The U.S. Food and Drug Administration (FDA) has issued a final rule on the Laboratory Accreditation for Analyses of Foods (LAAF) program, establishing laboratory accreditation as required by the Food Safety Modernization Act (FSMA).
Under the program, FDA will recognize accreditation bodies (ABs) that will accredit food testing laboratories to standards established in the final rule. The final rule details the eligibility requirements that ABs and laboratories will need to adhere to in order to participate in the program, as well as FDA procedures for managing and overseeing the program.
Food testing, including environmental testing, is mostly completed by private laboratories that may conform to a variety of standards and be subject to many different levels of oversight. Once the LAAF program is fully implemented, only LAAF-accredited laboratories will be able to conduct food testing in certain circumstances that are defined in the final rule.
The LAAF program will cover food testing:
- To support removal of a food from an import alert through successful consecutive testing requirements
- To support admission of an imported food detained at the border because it is, or appears to be, in violation of the Federal Food, Drug, and Cosmetic Act
- Required by existing FDA food safety regulations, when applied to address an identified or suspected food safety problem (i.e., certain tests of shell eggs, sprouts, and bottled drinking water)

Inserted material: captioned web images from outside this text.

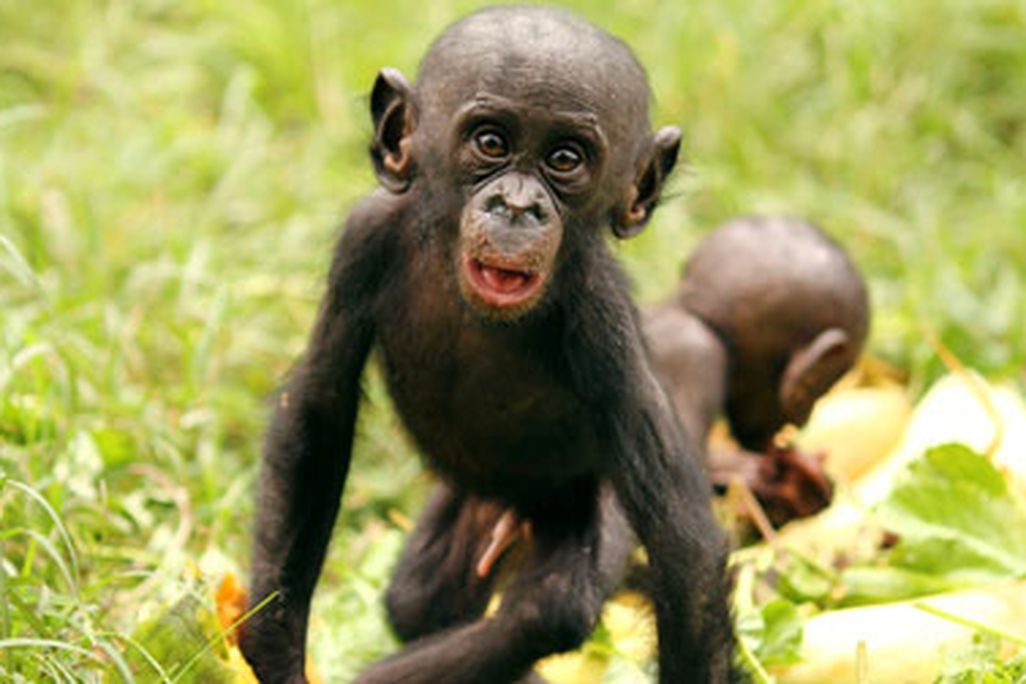 Baby bonobos share papayas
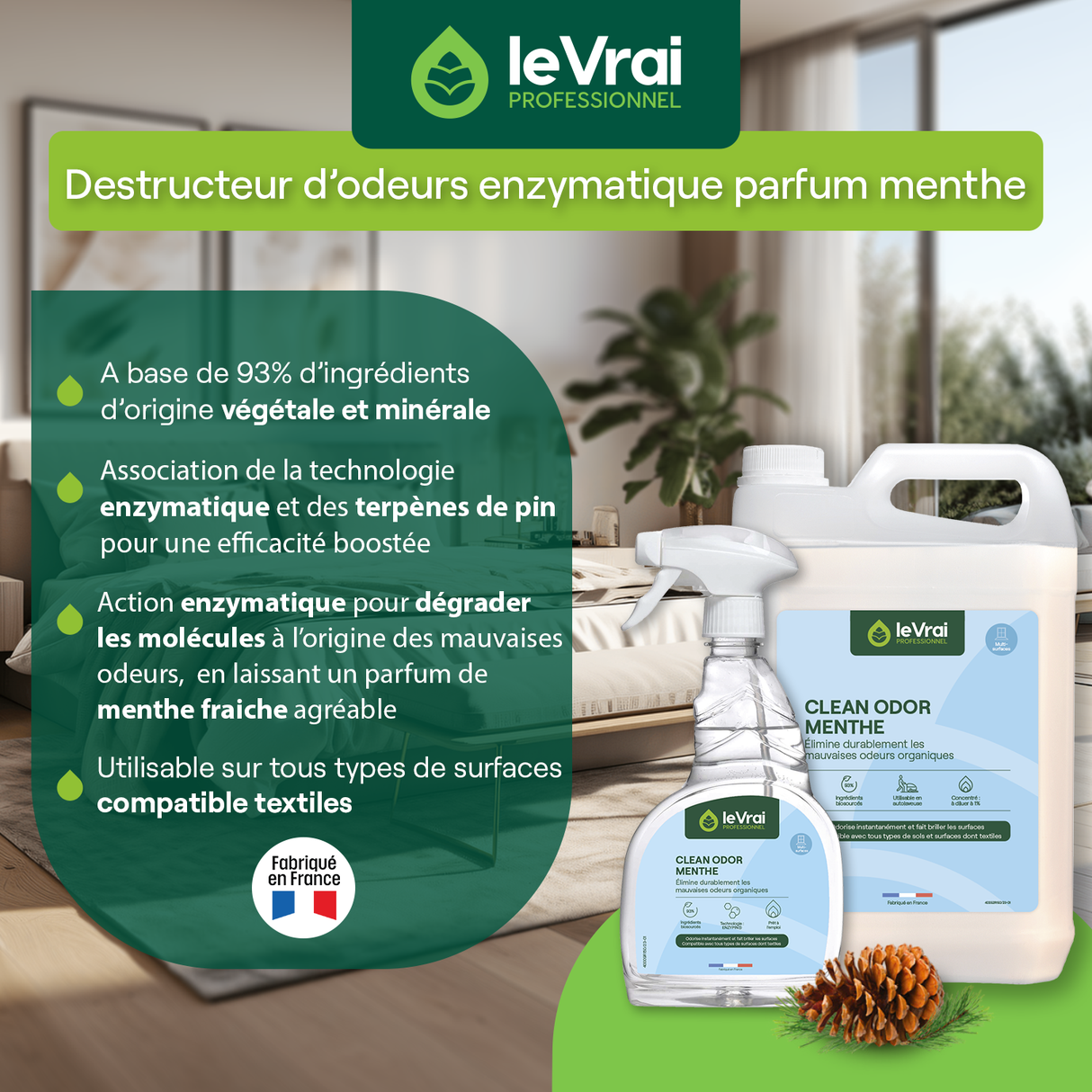 NETTOYANT DESTRUCTEUR D'ODEUR CLEAN ODOR MENTHE LE VRAI PROFESSIONNEL5L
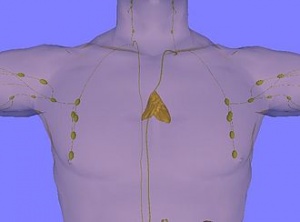 Thymus.jpg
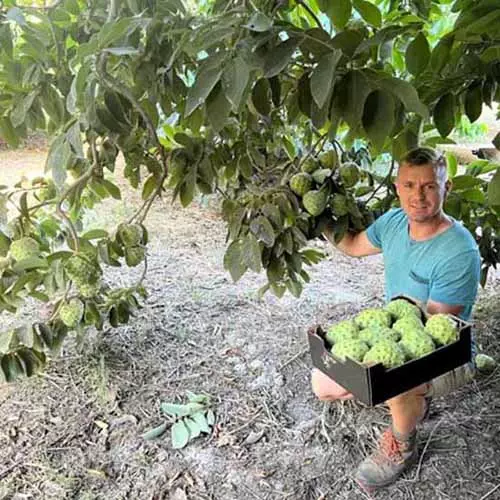 chirimoya cherimoya Spanje bio oogst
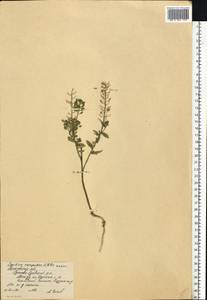 Lepidium campestre (L.) W. T. Aiton, Eastern Europe, Moscow region (E4a) (Russia)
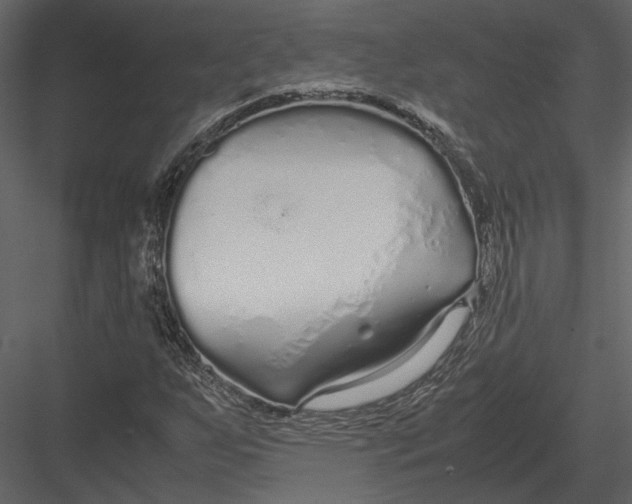 X0000083001255200702230117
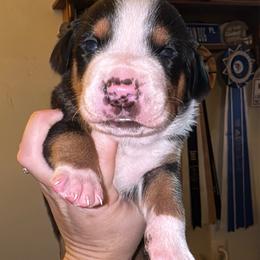 Boy 1 - Black, white and red male Greater Swiss Mountain Dog puppy in Knoxville, Maryland from Dahlgren Swissys
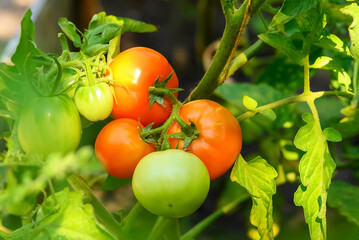 Ripe red organic tomatoes on a branch in an outdoor vegetable garden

- Required by a directed food laboratory order, a new procedure being implemented in this final rule that will allow FDA to require use of a LAAF-accredited laboratory to address an identified or suspected food safety problem in certain, rare circumstances
- Conducted in connection with certain administrative processes such as testing submitted in connection with an appeal of an administrative detention order.
The establishment of the LAAF program will increase the FDA’s capacity to protect U.S. consumers from unsafe food by improving the accuracy and reliability of certain food testing through the uniformity of standards and enhanced oversight of participating laboratories.